_Short descriptive text snippets_
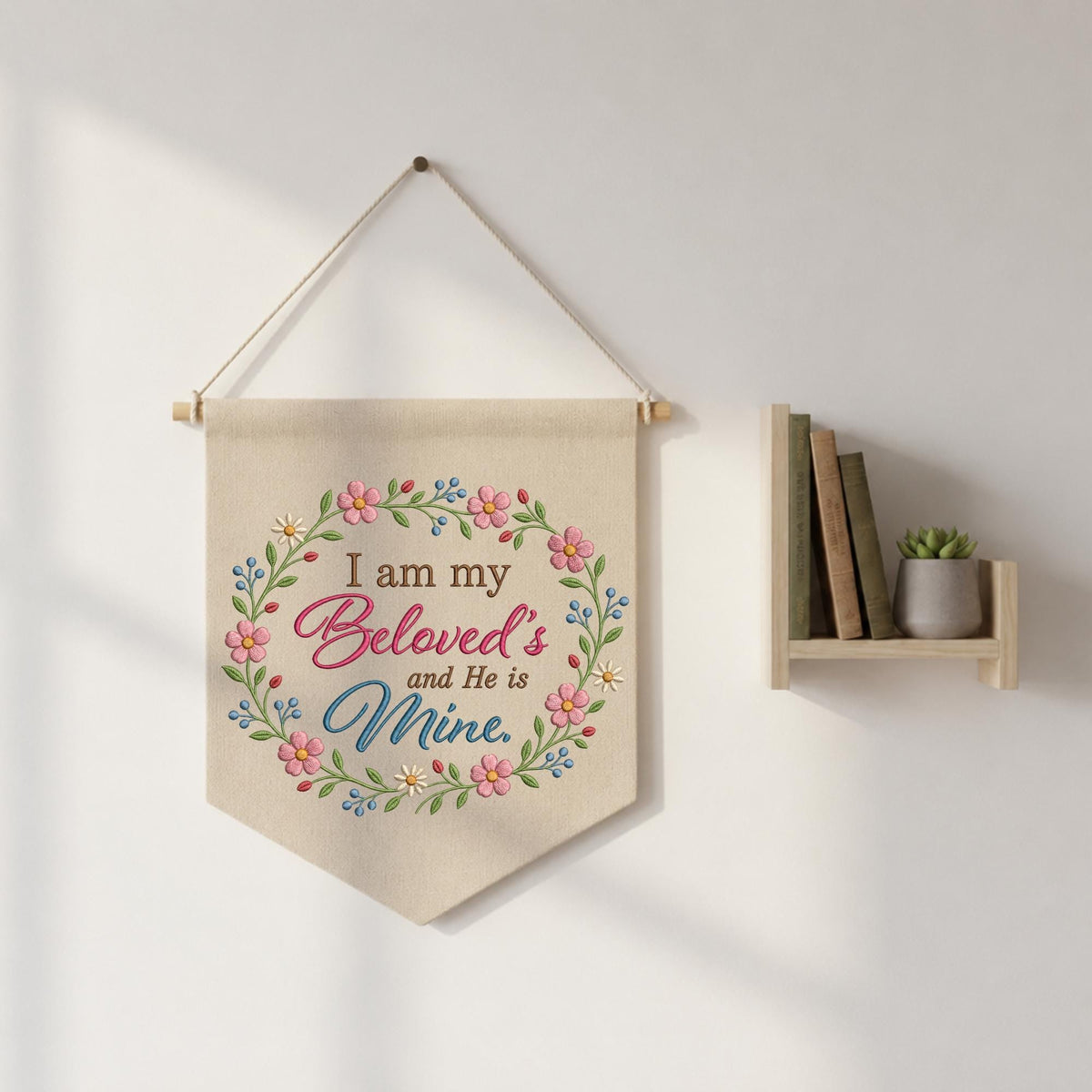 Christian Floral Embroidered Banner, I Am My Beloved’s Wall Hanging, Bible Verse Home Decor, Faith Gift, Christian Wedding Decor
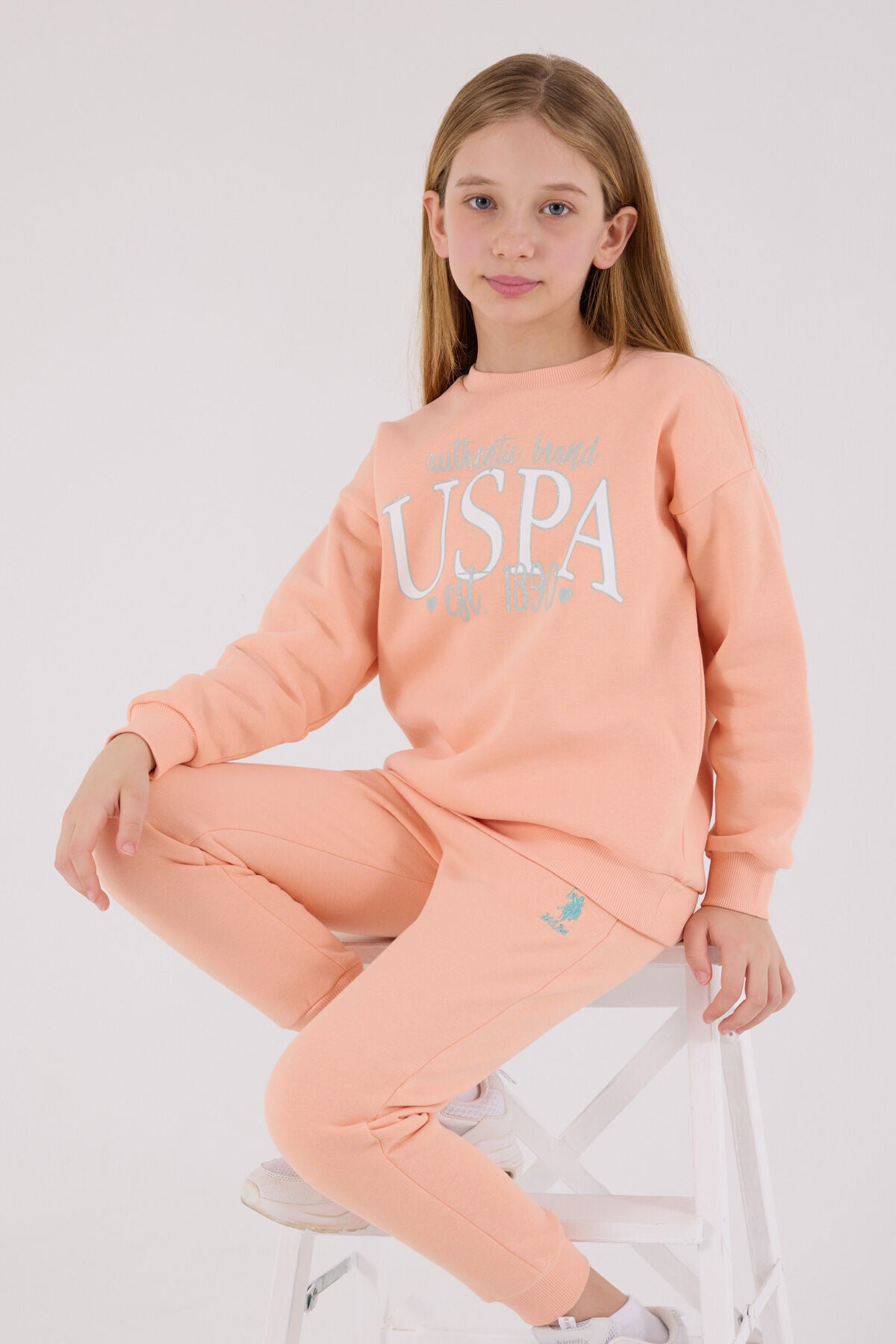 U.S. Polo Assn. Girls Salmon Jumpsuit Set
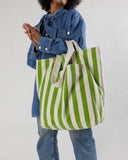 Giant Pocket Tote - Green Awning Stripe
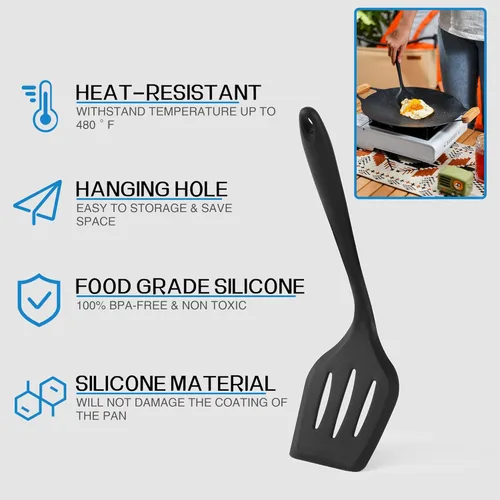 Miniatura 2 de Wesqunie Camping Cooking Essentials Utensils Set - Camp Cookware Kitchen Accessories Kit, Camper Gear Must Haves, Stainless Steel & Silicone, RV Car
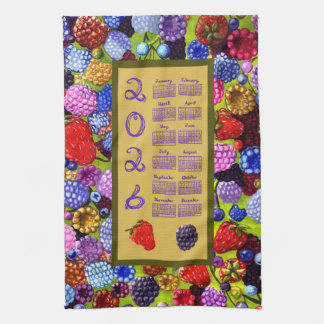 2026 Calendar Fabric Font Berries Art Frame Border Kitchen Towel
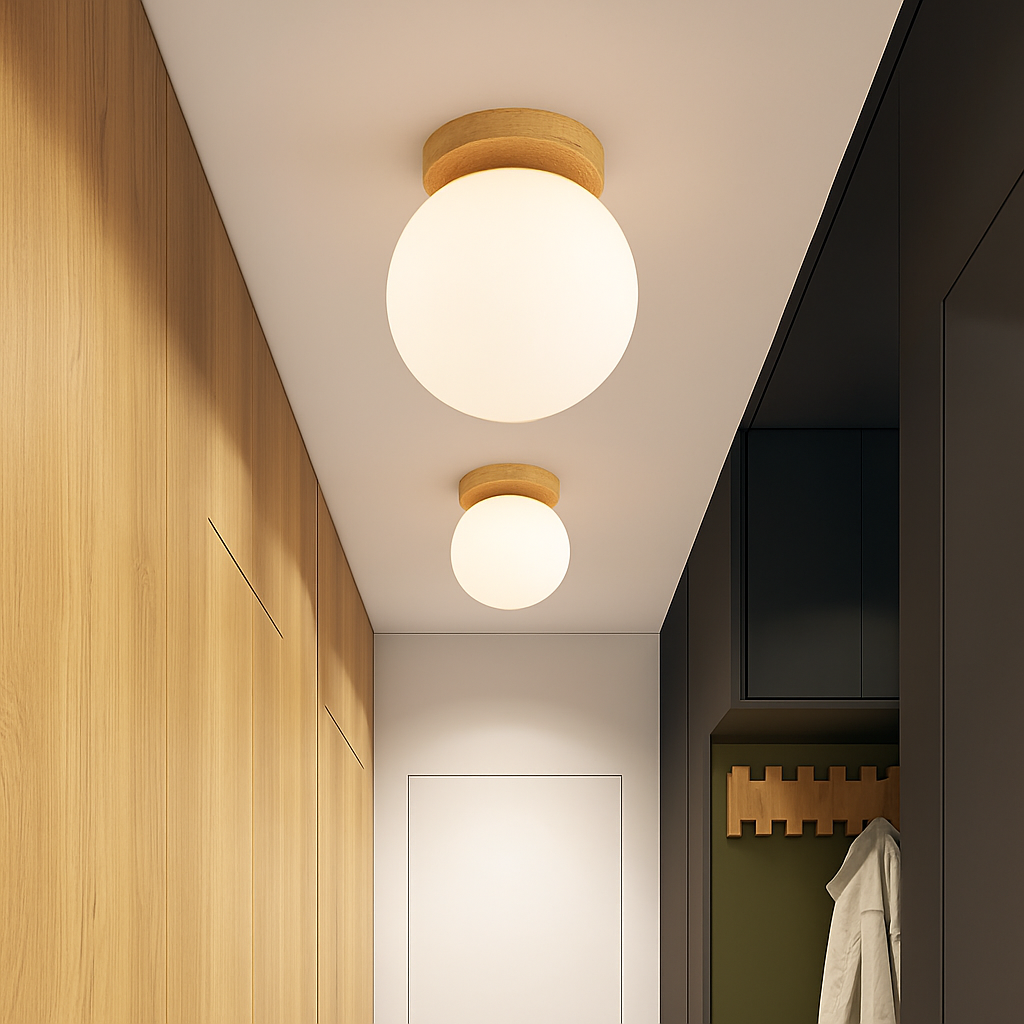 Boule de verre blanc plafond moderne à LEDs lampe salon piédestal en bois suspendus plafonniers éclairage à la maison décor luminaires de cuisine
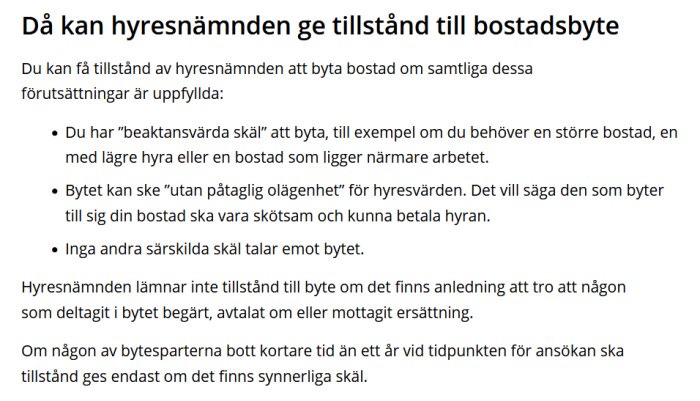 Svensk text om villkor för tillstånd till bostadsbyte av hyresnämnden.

_ACTIVITY_
Beginning at the line that contains "Boule de verre", copy each remaining line of the records exactly, through the final one. Omit the pictures.

_YOUR RESPONSE_
 Boule de verre blanc plafond moderne à LEDs lampe salon piédestal en bois suspendus plafonniers éclairage à la maison décor luminaires de cuisine
 Svensk text om villkor för tillstånd till bostadsbyte av hyresnämnden.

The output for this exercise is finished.